On Fri, 2022-08-19 at 23:56 +, lpsm...@uw.edu wrote:
> Thanks for the information! I've had to work on other project in the
> meantime, but was able to get back to this again.
>
> In an effort to wrap my head around the project's code, I realized
> that I did not have a line like:
>
> #define NPY_NO_DEPRECATED_API NPY_1_7_API_VERSION
>
> in it. So, I added the line, fixed the errors the resulted, and
> recompiled. And immediately got segmentation faults.
>
With it, the fields are hidden completely which is the intention. But
that also means the size is wrong for subclassing. You would have to
use `PyArrayObject_fields` although that basically circumvents the
deprecation, it somehwat makes sense, you should just only use it in
that one place I guess (not for actual access to strides).

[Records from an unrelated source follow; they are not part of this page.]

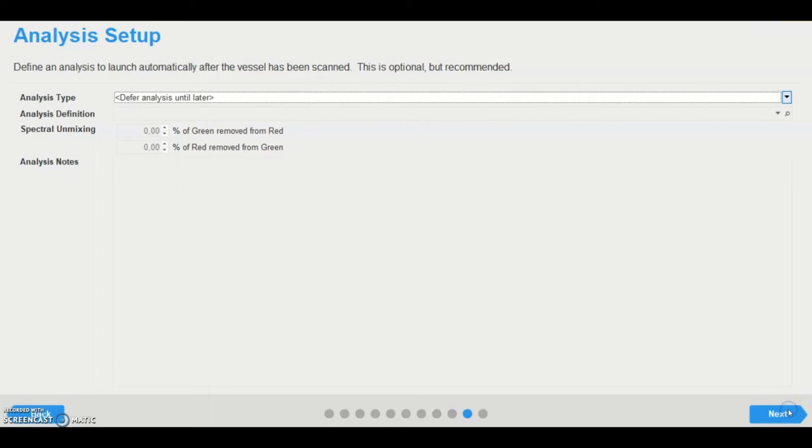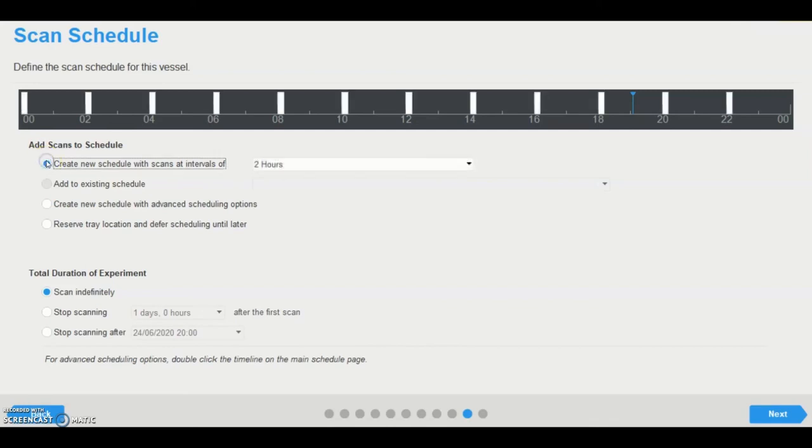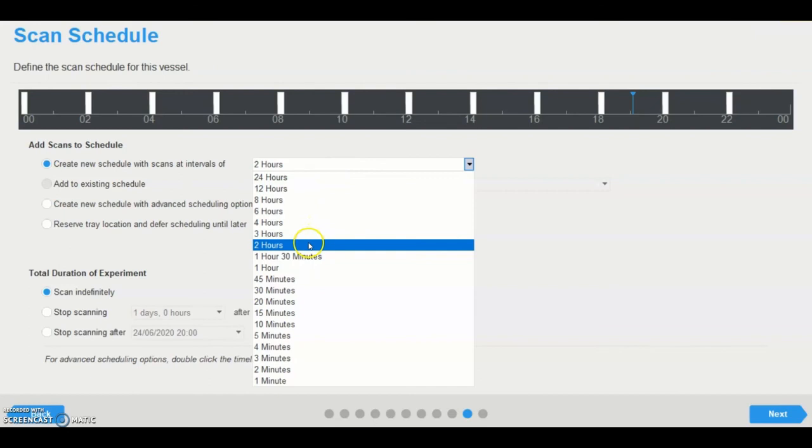On the scan schedule page, the user specifies the schedule for the vessel. There are four options to add scans to a schedule. User scan: create a new schedule with defined scan intervals, for example every two hours, independent of the existing schedule.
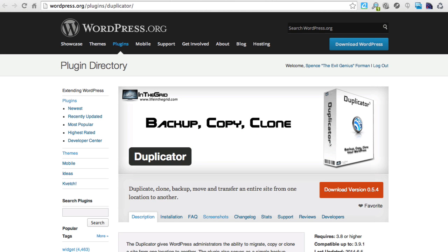Hello, it's Spence the Evil Genius with your WordPress tip of the day. Today I'd like to introduce you to a very powerful yet free plugin available in the WordPress repository. It's one of those must-haves for any freelance web designer, whether you're working on your own site or those of your clients. It performs three critical tasks you'll be doing quite frequently, especially when learning to run your freelance business on WordPress.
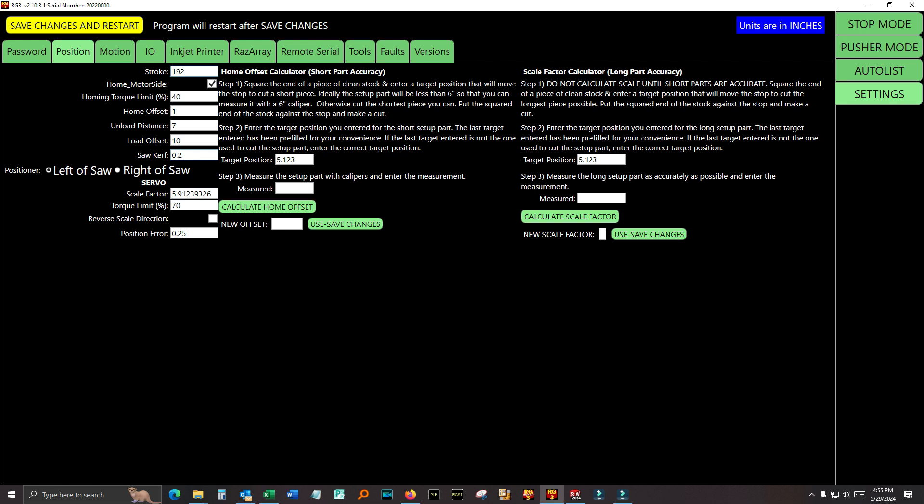If short parts are accurate and long parts are not accurate, or if short parts are inaccurate by a different amount than long parts, kerf is not going to fix the problem. If you change the kerf, every part, short and long, medium, everything gets changed by that amount because kerf is calculated on each part the same way. So if all your parts are off by a little bit and you're using it as a pusher, adjusting the kerf will change every part, short or long. So it's important when you're thinking about accuracy and you're using it as a pusher, you have to determine if short parts are behaving the same way as long parts. If not, you're just chasing your tail.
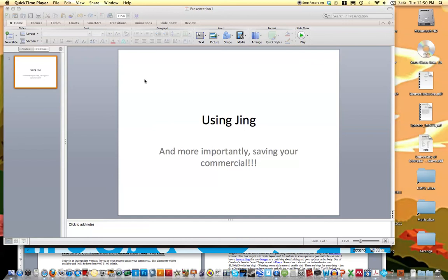I'm creating this video for you guys because one of the most frustrating things is to create a commercial and then not be able to find it.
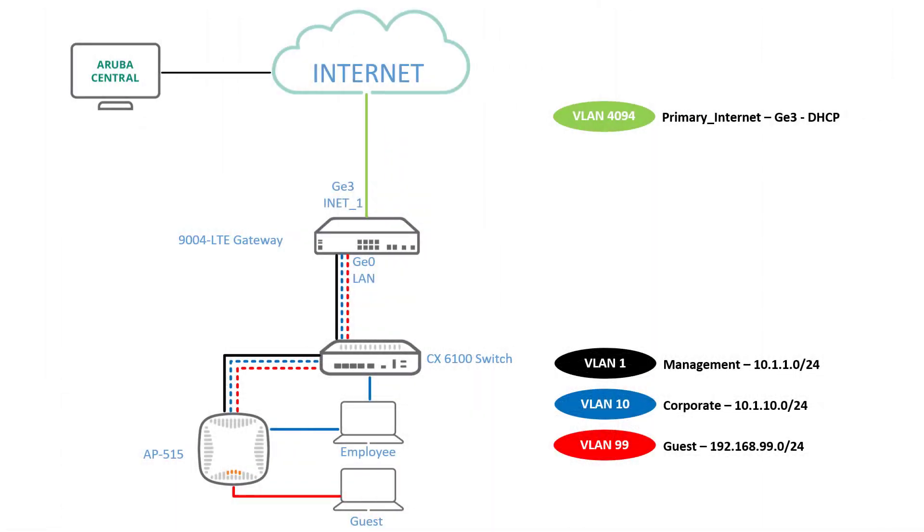In the previous three videos, we provisioned our gateway switch and access point into central and configured three local area networks.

Overall, I am not sure if this will ever help us much, but the solution
seems simple here. There should be no fundamental changes with the
exception of the size of `PyArrayObject_fields`.
- Sebastian
> Investigating, I discovered that the problem was that the pointers to
> my new member variables change mysteriously to invalid values. The
> basic flow is:
>
> 1) I call PyArray_New with a pointer to my new NamedArrayObject
> subclass.
> 2) It does stuff
> 3) It calls the NamedArrayObject_alloc function we wrote, which
> creates the new 'rowNames' PyList.
> 4) It does more stuff
> 5) It calls the NamedArrayObject_Finalize function we wrote. The
> 'rowNames' object now has a different, and incorrect, pointer, and at
> this point if I ever call PyList_Size(self->rowNames), I get a
> segmentation fault.
>
> If, however, I re-comment out the '#define NPY_NO_DEPRECATED_API
> NPY_1_7_API_VERSION" line, everything works fine! Part 4 above
> doesn't change the 'rowNames' pointer to anything, and it remains
> valid for the rest of the program.
>
> (If I change 1_7_ to 1_23_, I get identical behavior.)
>
> Normally, I'd be happy to just say 'well, I guess I have to use the
> deprecated API', but this issue combined with the fact that I'm
> getting the "C subclassed NumPy array, void scalar, or allocated in a
> non-standard way" error message, makes me think that something has
> changed in a fundamental way since the code was first written in
> 2014, and that I should do things the new way. I just... don't know
> what that new way might be ;-)
>
> The upshot is that I have two questions:
> 1) Does this look like a bug I should file?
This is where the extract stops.